(Short web captions)
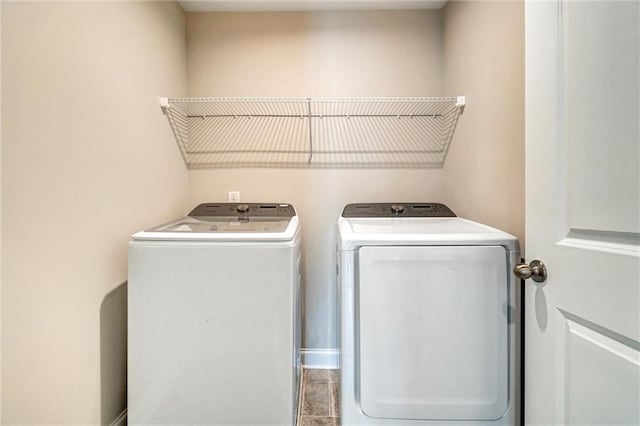 1858 Belmore St SE, Smyrna, GA 30080 - laundry room featuring washing machine and dryer
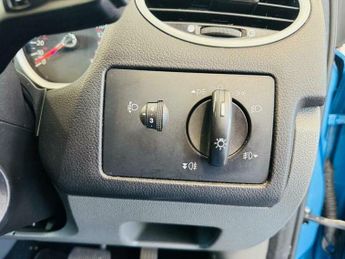 Ford Focus 1.6 Zetec 5dr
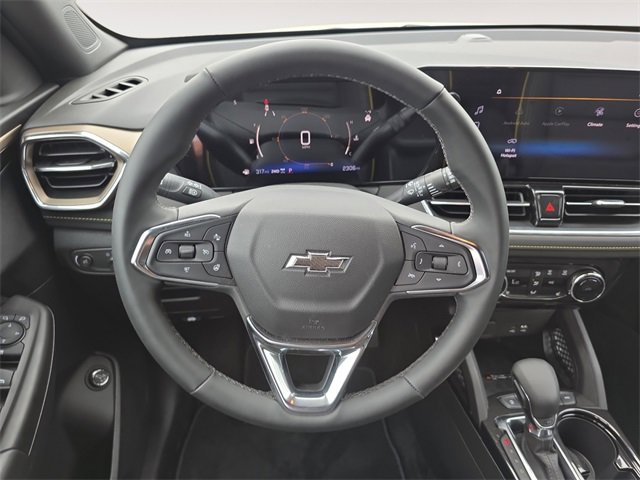 Used 2025 Chevrolet TrailBlazer ACTIV w/ Convenience Package image 12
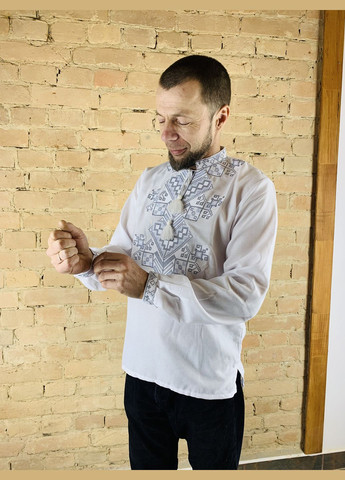 Белая мужская вышиванка дерево жизни серое НоКо свободная, прямой хлопок (303724279)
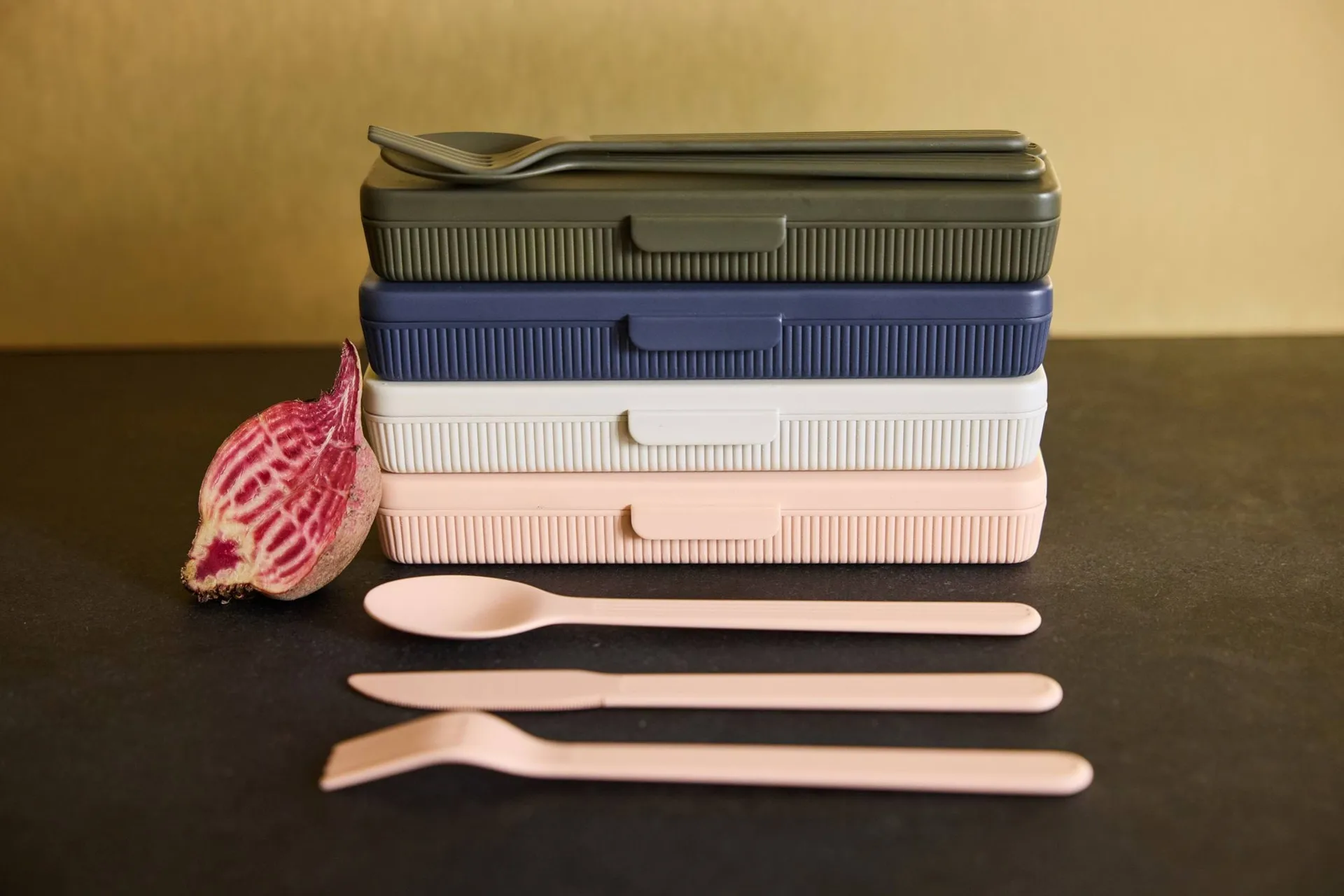 Tina Besteckset, Grün Pantone 4228C Sagaform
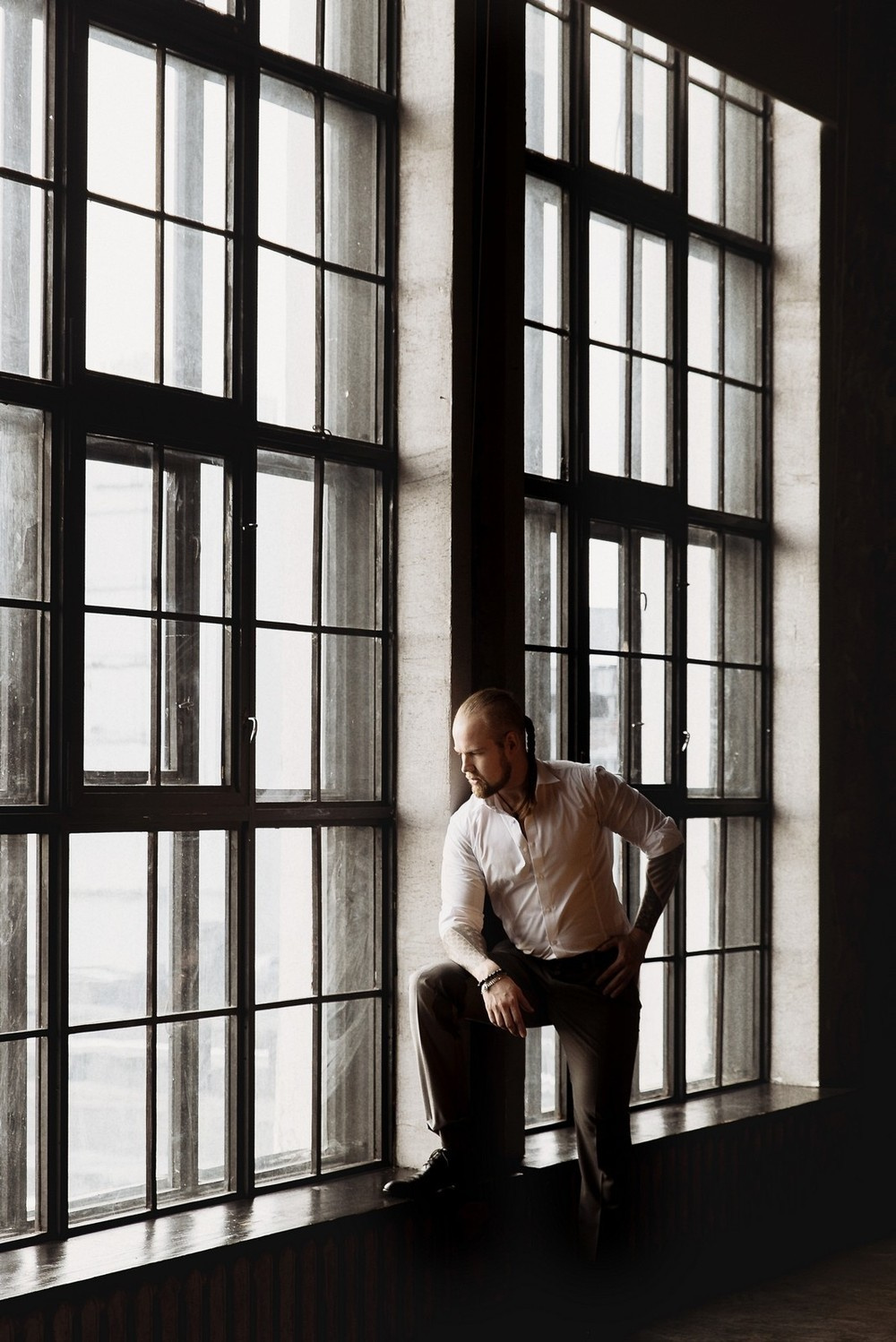 Жених оперся ногой на подоконник и смотрит в большое панорамное окно Свадебная фотосъемка в Москве. Свадебный фотограф в Москве Сергей Гаварос. — Круто снимаю любые свадьбы! — Помогу с позированием и подбором локаций Доступные цены.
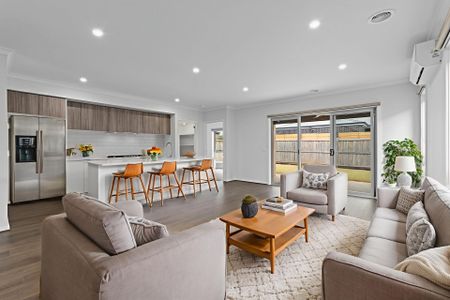 50 Ashbury Boulevard, Armstrong Creek - Photo 2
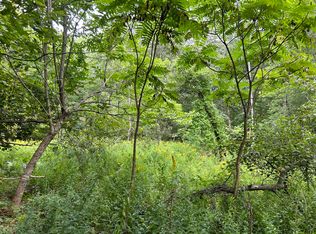 564 Gardiner Rd, Whitefield, ME 04353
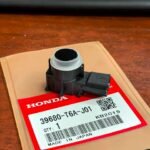 Le capteur de stationnement à ultrasons, portant la référence 39680-T6A-J01, est un organe technologique essentiel pour le système d'aide au stationnement de votre Honda. Installé directement sur le pare-chocs, il émet des ondes sonores pour calculer avec exactitude la distance séparant votre véhicule des obstacles environnants. Ses avantages sont immédiats : une réduction drastique des risques d'accrochage, un confort de conduite accru dans les espaces urbains étroits et des alertes sonores ou visuelles en temps réel. Sa conception haut de gamme intègre une étanchéité renforcée contre l'eau et la poussière, limitant l'usure prématurée des circuits internes. Remplacer un capteur endommagé ou défectueux par ce modèle d'origine vous assure une compatibilité parfaite et un calibrage immédiat avec le système d'alerte constructeur.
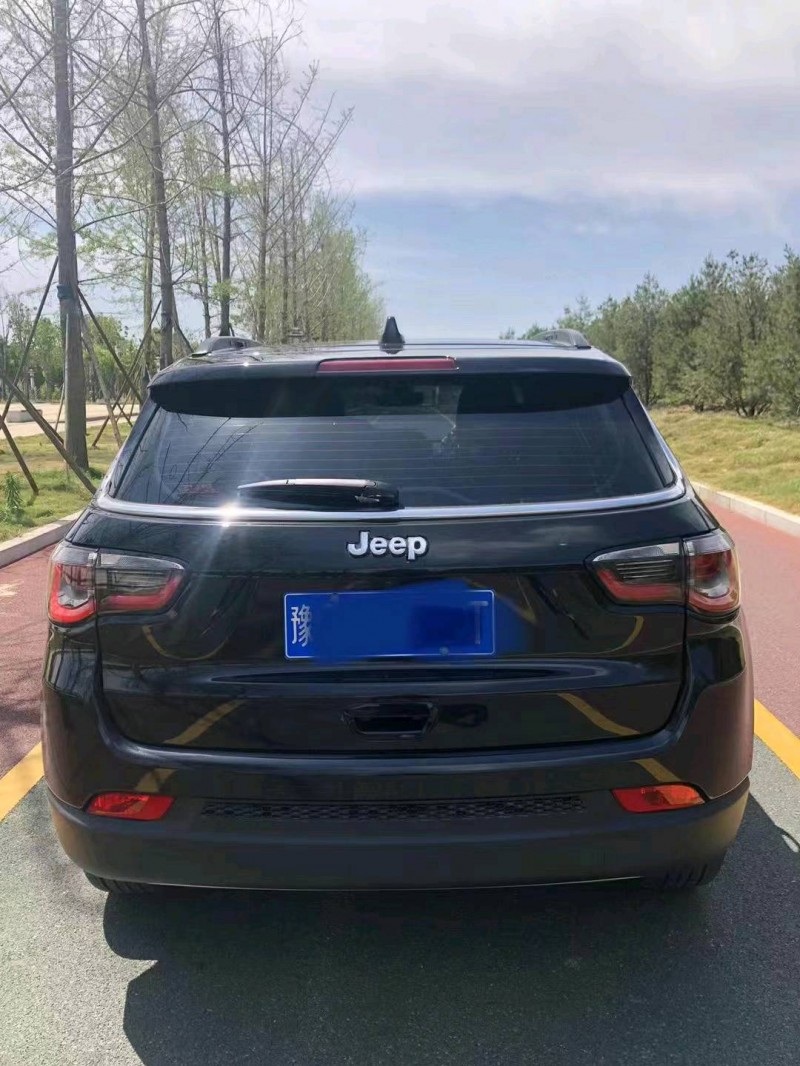 洛陽21年Jeep指南者7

* **What you will do**: For this exercise, set down the lines in the entries above from the one with "Ford Focus 1.6 Zetec 5dr" through the one with "564 Gardiner Rd, Whitefield, ME 04353" exactly as written, without any pictures.

* **Task result**:
 Ford Focus 1.6 Zetec 5dr
 Used 2025 Chevrolet TrailBlazer ACTIV w/ Convenience Package image 12
 Белая мужская вышиванка дерево жизни серое НоКо свободная, прямой хлопок (303724279)
 Tina Besteckset, Grün Pantone 4228C Sagaform
 Жених оперся ногой на подоконник и смотрит в большое панорамное окно Свадебная фотосъемка в Москве. Свадебный фотограф в Москве Сергей Гаварос. — Круто снимаю любые свадьбы! — Помогу с позированием и подбором локаций Доступные цены.
 50 Ashbury Boulevard, Armstrong Creek - Photo 2
 564 Gardiner Rd, Whitefield, ME 04353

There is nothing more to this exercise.